Et les premières conséquences de cet emballement ne se font pas attendre : François Hollande a convoqué, dès jeudi, une réunion de crise sur la question des migrants. Ce cliché sera-t-il l'élément déclencheur d'une prise de conscience mondiale ? Europe 1 a posé la question à Pierre-Jean Amar, historien de la photographie et du photojournalisme.
Avertissement : le cliché placé au bas de cet article peut choquer.
- Cette photo peut-elle changer le cours de l'histoire ?
Cette photo va peut-être changer l'histoire, c'est possible. En soi, sur la forme, elle est assez banale. C'est le contenu qui compte. Cette photo raconte une histoire. Elle émeut. Mais elle nécessite une légende. La photo, prise en 1972 par Nick Ut, de cette petite Vietnamienne fuyant les bombardements au Napalm, parle d'elle-même. Dans la photo d'aujourd'hui, la compréhension n'est pas immédiate. En la regardant, on pourrait croire à un simple accident, sans savoir que l'enfant est mort. Mais la légende nous dit tout. La mort d'un enfant, dans ces circonstances-là, émeut. Et peut entraîner une prise de conscience de nos hommes politiques.
- Comment reconnaître une photo qui va changer le monde ?
C'est difficile à dire. Elles ont toutes une fonction de dénonciation. Lorsqu'il y a des enfants, l'émotion est évidente, comme dans la photo d'aujourd'hui, dans celle de Nick Ut ou encore celle de Omayra (cette colombienne de 13 ans a été photographiée en 1985, agonisant dans les décombres de sa maison, après l'irruption du volcan Nevado del Ruiz. Le cliché avait ému le monde entier. Accusé de "voyeurisme", il a aussi mis en lumière les manquements de l'Etat colombien NDLR).

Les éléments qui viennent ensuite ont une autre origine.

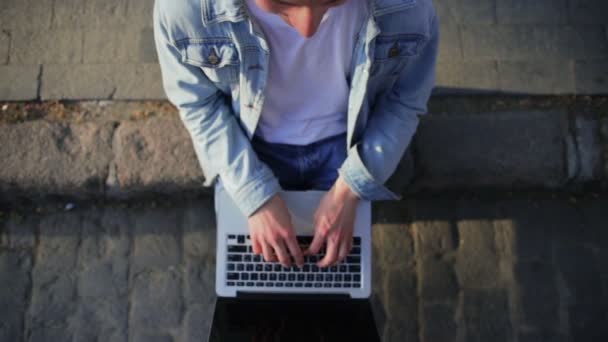 Pensando joven con el ordenador portátil se sienta en la frontera de la calle — Vídeo de stock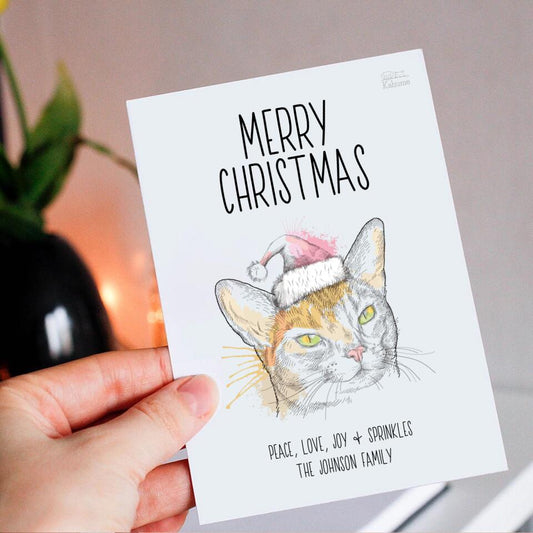 Deine Katze mit Santa-Mütze - Personalisierbare Postkarte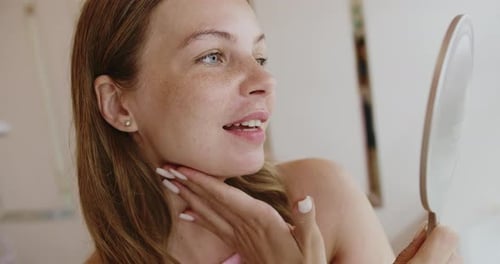 Woman Checks Face in Handheld Mirror Indoors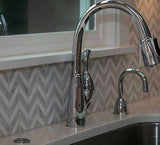 Silver kitchen sink against monochromatic marble tile accent wall in chevron mosaic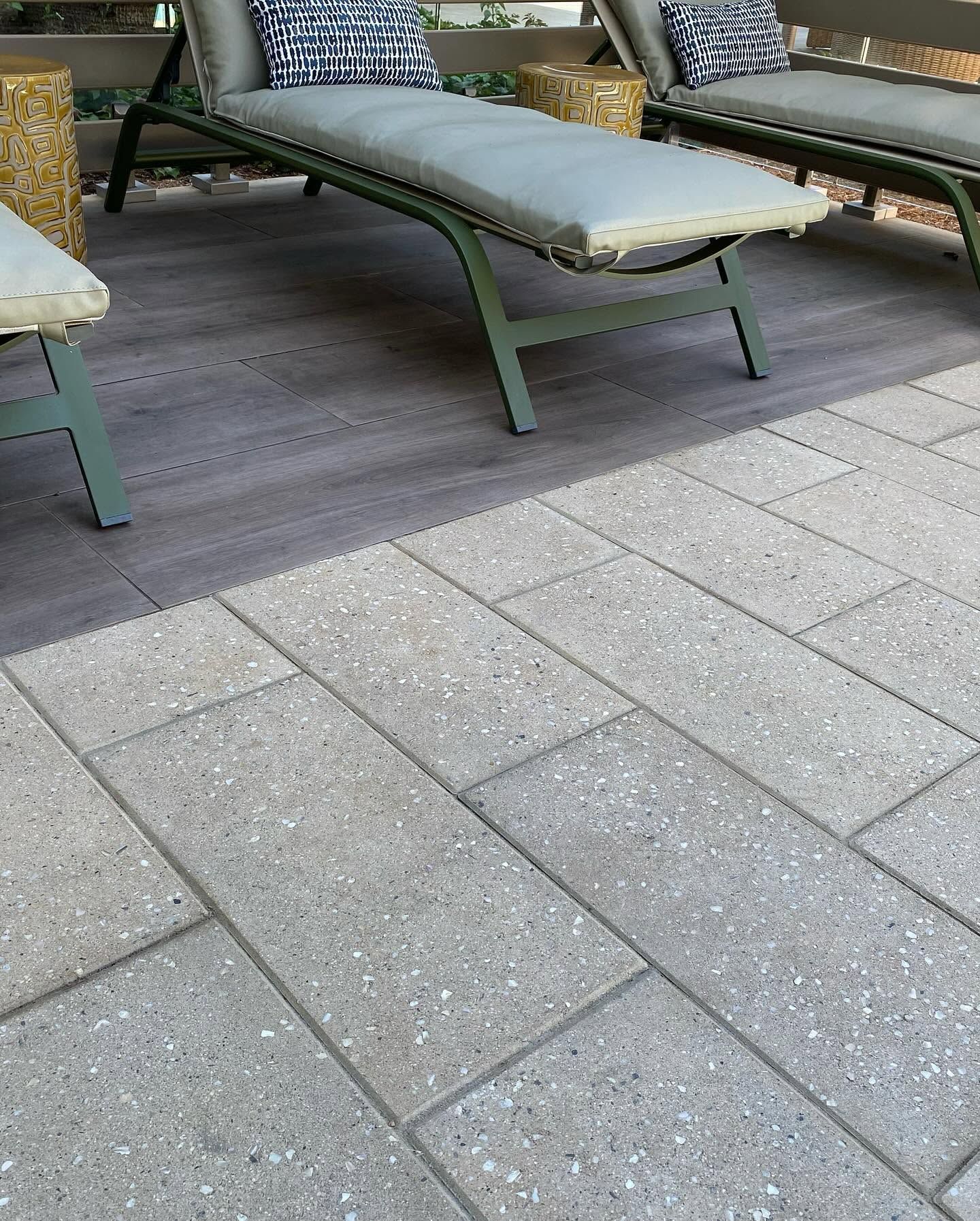 Outdoor patio with two green lounge chairs on a gray tiled floor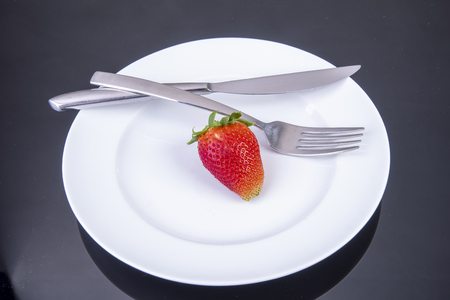 single strawberry with knife and fork on a white plateの写真素材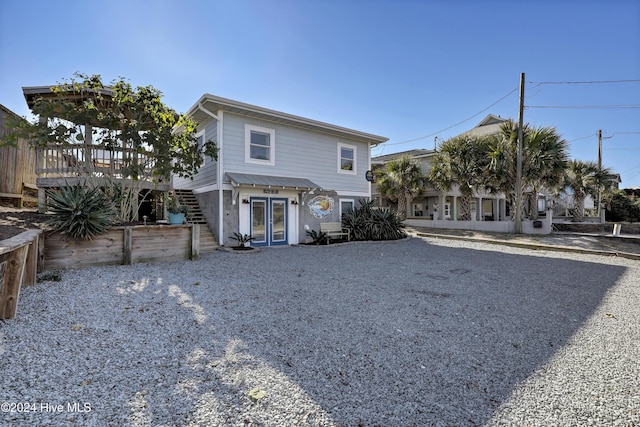 427 N Anderson Blvd, Topsail Beach, NC 28445 - view of front of property with stairway and french doors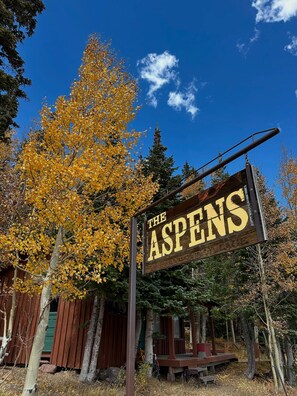 A wooden sign with the text 'THE ASPENS' indicating a location or establishment. - Mogul Manor-3B Giant Steps (Brian Head)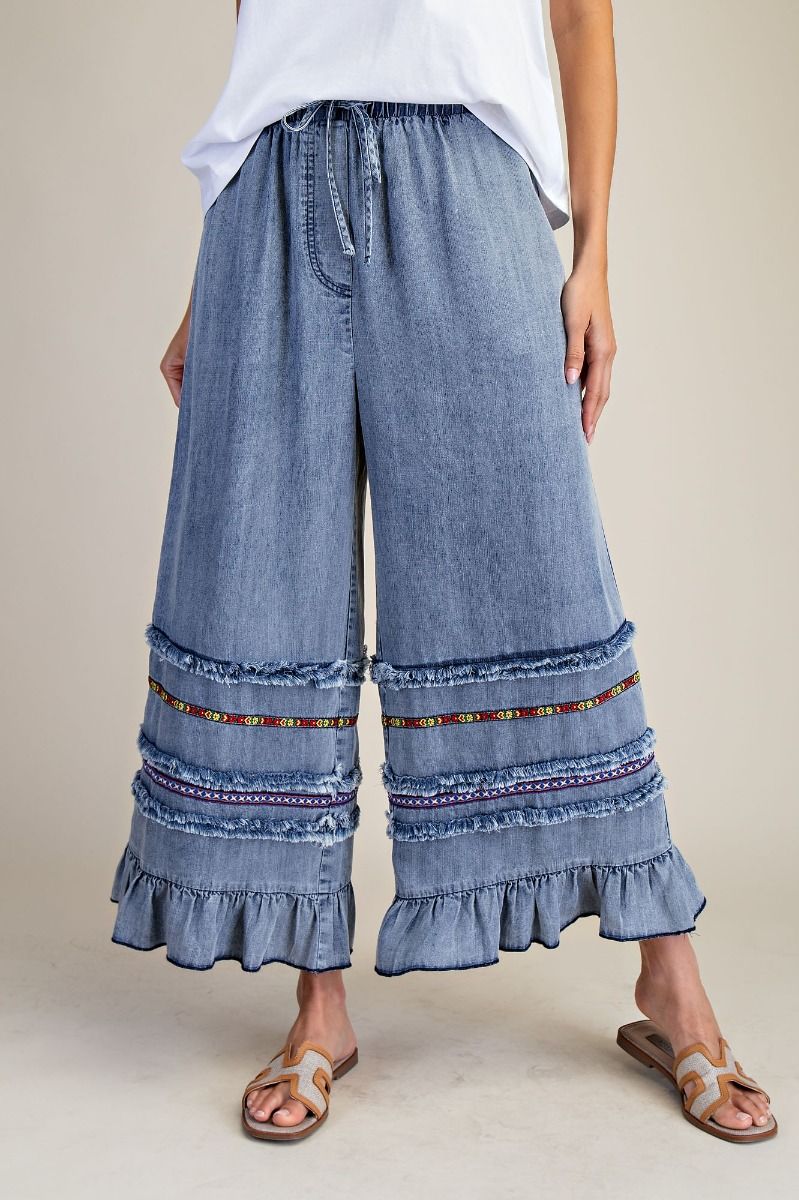 EASEL RUFFLE BOTTOM STONE WASHED CHAMBRAY PANTS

Mais d'autres photos ont changé le monde, sans qu'il y ait des enfants. Pendant la guerre des Malouines, la simple photo d'un navire argentin sous les obus a fait prendre conscience que l'Argentine perdait la guerre. Celle-ci s'arrêtera quelques jours après. Pourtant, elle a été prise par un amateur.
- La plupart de ces photos sont choquantes… Faut-il vraiment les montrer ?

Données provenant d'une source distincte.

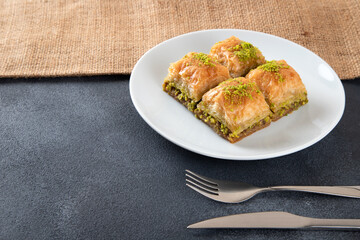 Pistachio Turkish baklava on a white plate.Traditional delicious Turkish baklava 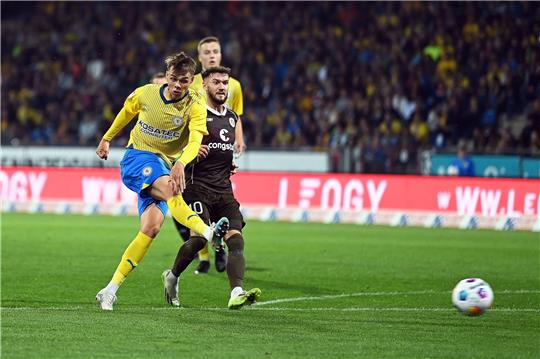 Braunschweigs Thorir Holgason (l) erzielt gegen St. Paulis Marcel Hartel den Treffer zum 1:1.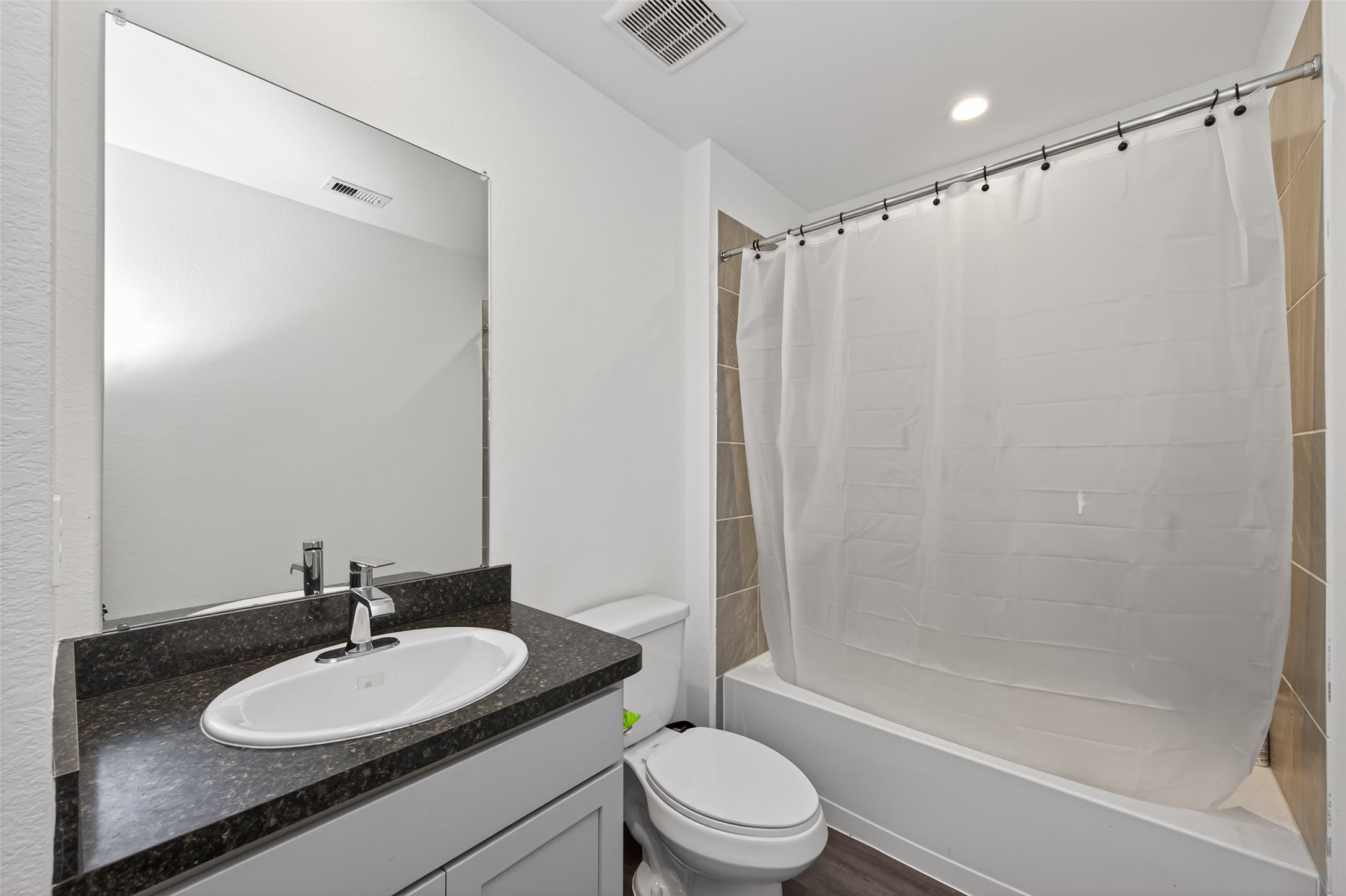 24251 Copperleaf Bay Ln Spring Spring, TX 77373 - Photo 32 of 42 a bathroom with a sink a toilet and a mirror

Chacun a son avis là-dessus. Pour ma part, j'estime que les photojournalistes font leur travail en prenant ces clichés. On peut leur reprocher de choisir la facilité de l'horreur, de vouloir faire pleurer dans les chaumières, voire de gagner de l'argent. Mais le photojournaliste a tout de même raison de le faire. C'est son métier, il est là pour ça : rendre compte. Mais je reconnais que la question divise : les journaux nationaux papiers français (excepté Le Monde, qui en fait sa Une de jeudi après-midi), ne l'ont d'ailleurs pas publiée (les explications de Laurent Joffrin, de Libération, ici).

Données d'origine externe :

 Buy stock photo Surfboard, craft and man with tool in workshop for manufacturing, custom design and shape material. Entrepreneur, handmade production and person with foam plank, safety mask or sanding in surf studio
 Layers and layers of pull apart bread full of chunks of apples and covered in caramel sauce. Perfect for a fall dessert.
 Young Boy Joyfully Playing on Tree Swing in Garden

- Le photojournaliste a-t-il plus de poids que le journaliste ?
Pas forcément. Il y a des journalistes qui ont changé le cours des choses : Albert Londres, Lucien Baudard etc. Le journalisme est fait pour ça : raconter, dénoncer et parfois, faire changer. Mais ce sont tous des grands qui ont réussi à le faire. C'est plus facile avec l'image. La compréhension est immédiate.